Here, we run the function to corrupt images and then we plot some of the outputs to check how they look after ‘corruption’.

[15]:

# create cluttered images
img_num = 12        # number of images to create
img_set = 0         # set used (0 train, 1 test)
np.random.seed(42)
random.seed(42)
# create images
inputs_v,_,labels_v,_,_,_,_ = generate_images(img_num, img_set)

[16]:

# initiate plot
fig, axs = plt.subplots(3, 4, figsize=(10, 8))

# plot images
count = 0
for i in range(3):
  for j in range(4):

    # label

    # plot image
    img = inputs_v[count]
    img = np.squeeze(img.reshape(100, 100, 1))
    axs[i, j].imshow(img, cmap='gray')

    # extract ground truth label
    img_idx = np.argwhere(labels_v[count] == 1)[0][0]
    axs[i, j].set_title(f'Ground truth: {class_names[img_idx]}', size=10)
    axs[i, j].axis('off')

    # increment count
    count = count + 1

# show plots
plt.show()

../_images/week_4_4_Vision%2C_Convolutions_and_Recurrence_21_0.png

QUESTION 1

What happens to the cluttered generated images? Look at them carefully and briefly describe which are the key modifications with respect to the initial images.
Plot 4 images of the cluttered stimuli next to each other containing two pairs with the same ground truth labels (e.g., 2x ‘5’ and 2x ‘Sandal’).

[ ]:

# you can write your code here

RNN architecture

The RNN used for training and subsequent analyses consists of two convolutional layers followed by one fully connected (FC) layer, as illustrated in the paper below (Figure 2 in the paper). The architecture contained both lateral and top-down connections and the RNN was unrolled for 4 timesteps. Finally, the activations of the FC layer were concatenated and mapped to the classification output (i.e. class_names) using an FC layer.
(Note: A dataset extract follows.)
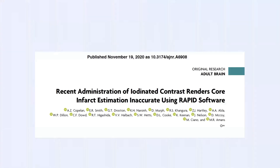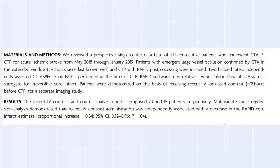Why didn't we see this on CT perfusion? A UCSF group published in 2020 suggesting that recent administration of iodinated contrast — such as at a spoke hospital before transfer — renders core infarct estimation inaccurate using perfusion software. Their case is nearly identical: right MCA abnormal ASPECTS, right MCA occlusion, CT perfusion shows zero core infarct, yet MRI confirms the right MCA infarct.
Import network architecture

Here we use the authors’ code from Github to instantiate their RNN implementation which incorporates both lateral and top-down connections. By clicking on the cell you can view their (very convluted) code to understand the implementation details (or not).

[17]:

#@title Defining the RNN class (click to see code)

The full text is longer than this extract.